- TASK STATEMENT -
Find the line with "thumbnail image 4" in the data below. Repeat it and every line after it exactly, but not the pictures.

======== RECORDS FOR THE TASK

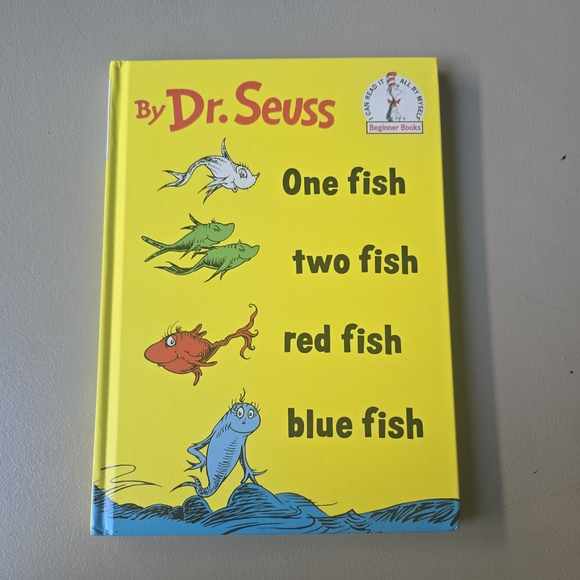Dr. Seuss Other - Dr. Seuss Yellow Cover One Fish Two Fish Book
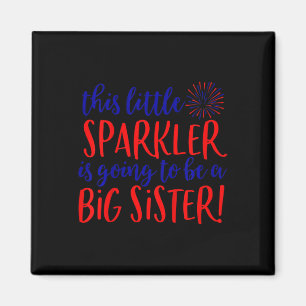Aimant Enfants Big Soeur Sparkler 4 juillet Grossesse Ann
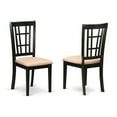 thumbnail image 4 of Atlin Designs 3-piece Wood Dining Set with Fabric Chairs in Black, 4 of 6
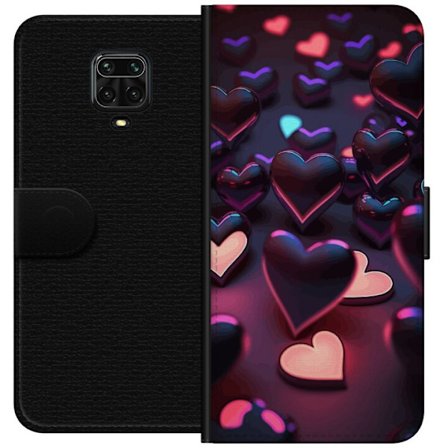 Yhteensopiva Lompakkokotelo Xiaomi Xiaomi Redmi Note 9 Pro KeskiyönSydämet
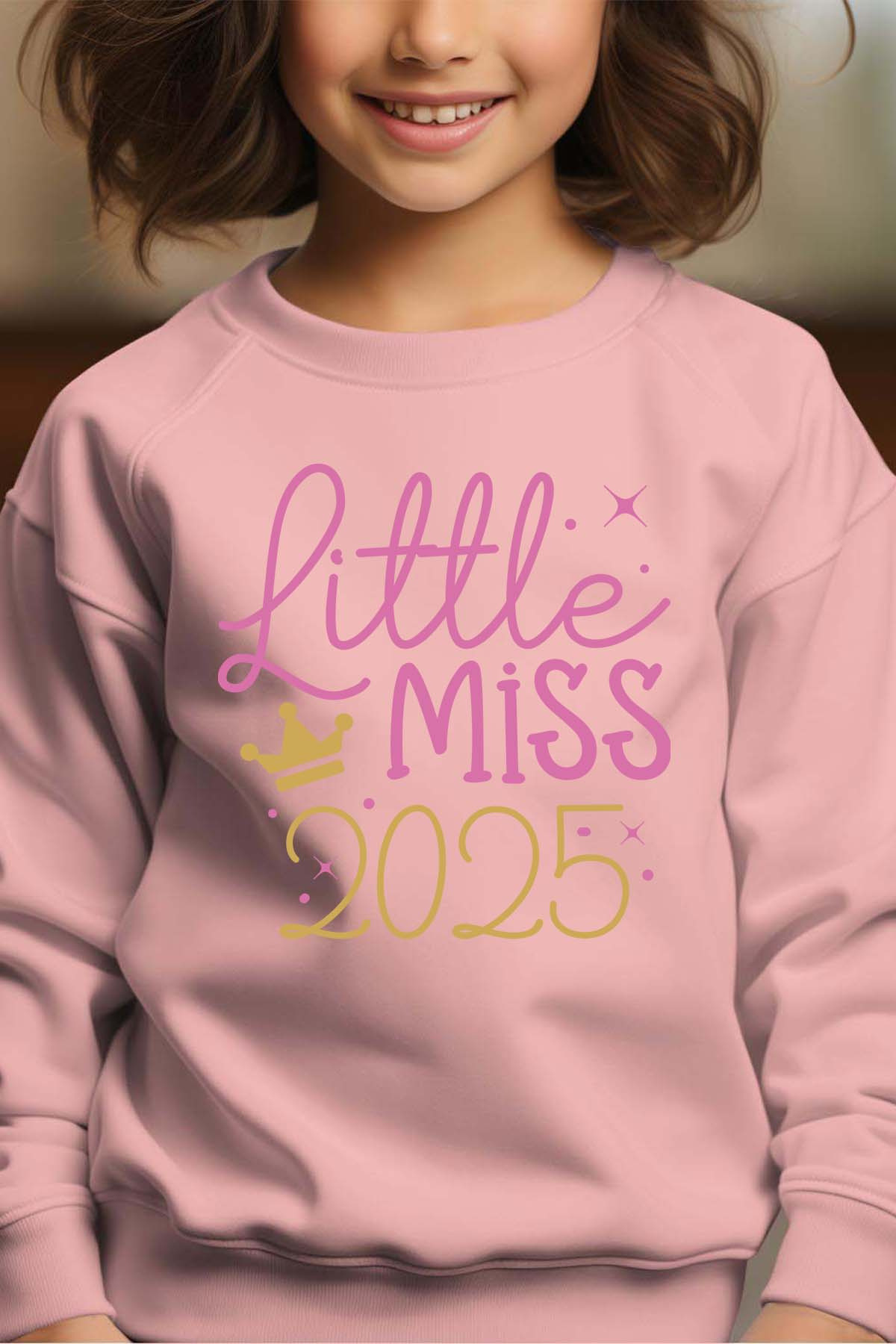 Mayorista I.A.L.D FRANCE - Little miss25 - Sudadera de cuello redondo para niña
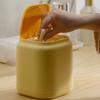 Home Desktop with Lid Office Garbage Storage Box Waste Bins Paper Basket Sundries Box Trash Can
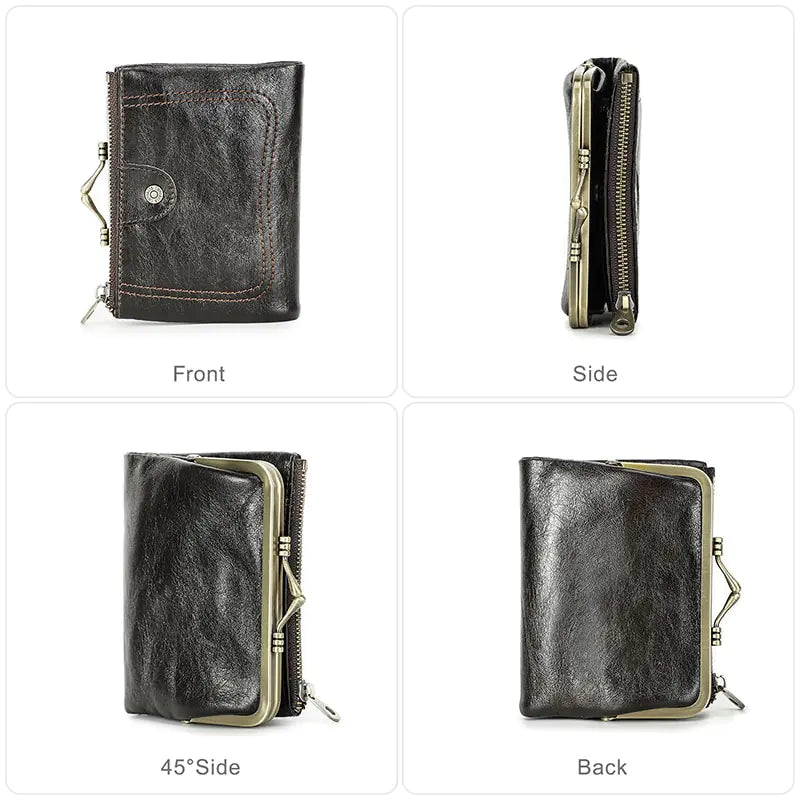 Genuine Leather Wallet Women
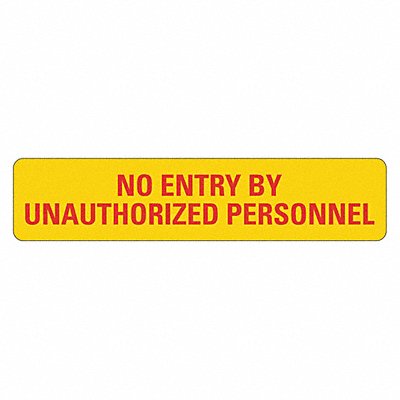 Entrance Sign 2inx9in Non-PVCPolymer PK5
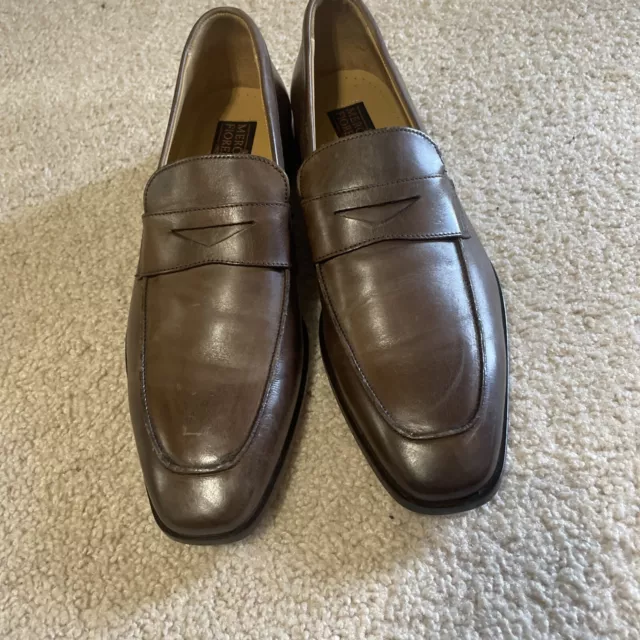 NEW MENS MERCANTI FIORENTINI Perforated Penny Loafer 7923 sz 12 Ret. 295 87.20 PicClick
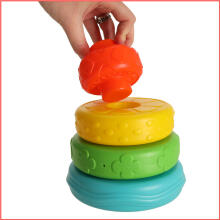 Ikonka Art.KX4616 Pyramid tower educational sensory puzzle colourful Montessori
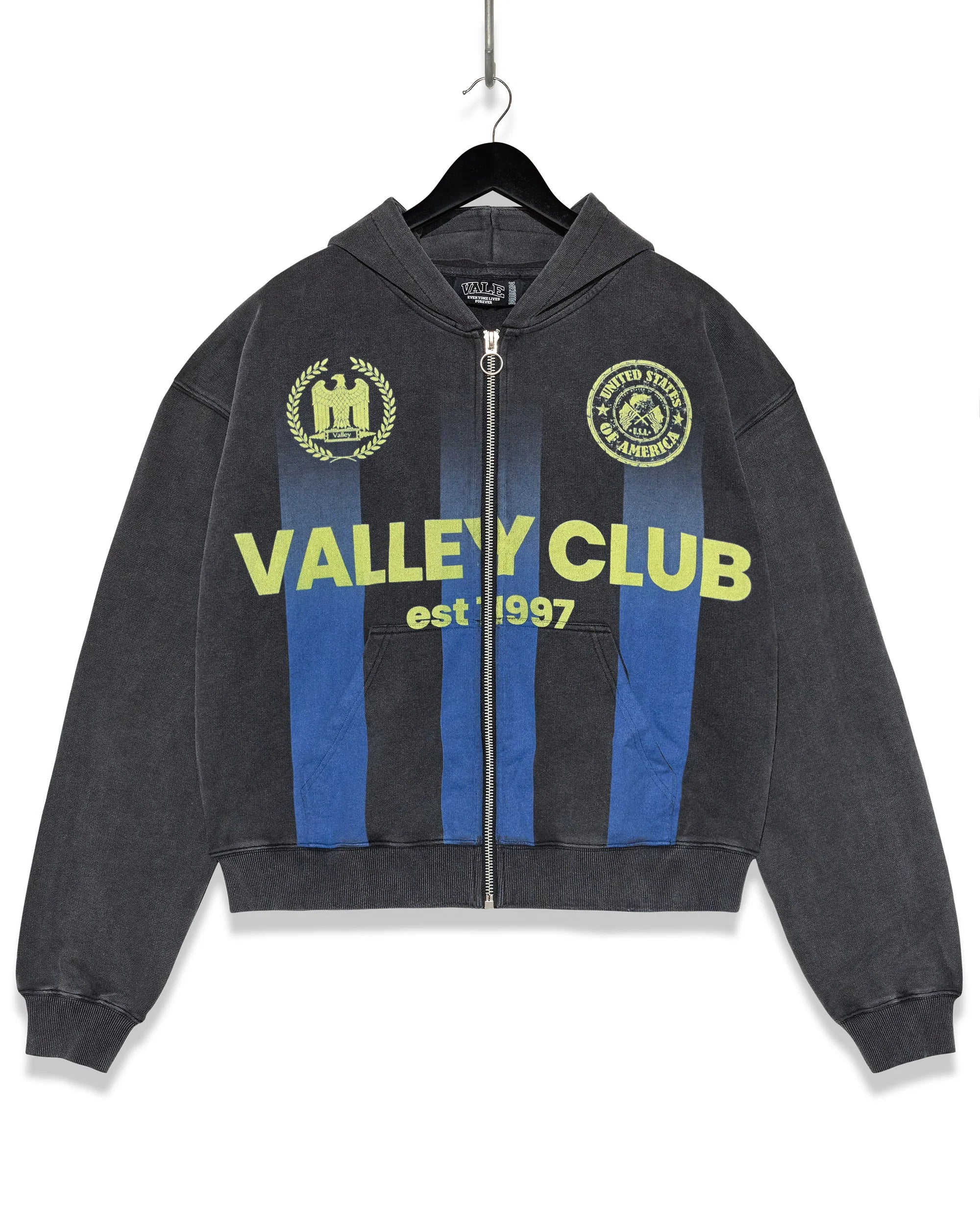 Vale "Futball" Zip Up Hoodie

================

- SOLUTION TO THIS EXERCISE -
 thumbnail image 4 of Atlin Designs 3-piece Wood Dining Set with Fabric Chairs in Black, 4 of 6
 Yhteensopiva Lompakkokotelo Xiaomi Xiaomi Redmi Note 9 Pro KeskiyönSydämet
 Mayorista I.A.L.D FRANCE - Little miss25 - Sudadera de cuello redondo para niña
 Home Desktop with Lid Office Garbage Storage Box Waste Bins Paper Basket Sundries Box Trash Can
 Genuine Leather Wallet Women
 Entrance Sign 2inx9in Non-PVCPolymer PK5
 NEW MENS MERCANTI FIORENTINI Perforated Penny Loafer 7923 sz 12 Ret. 295 87.20 PicClick
 Ikonka Art.KX4616 Pyramid tower educational sensory puzzle colourful Montessori
 Vale "Futball" Zip Up Hoodie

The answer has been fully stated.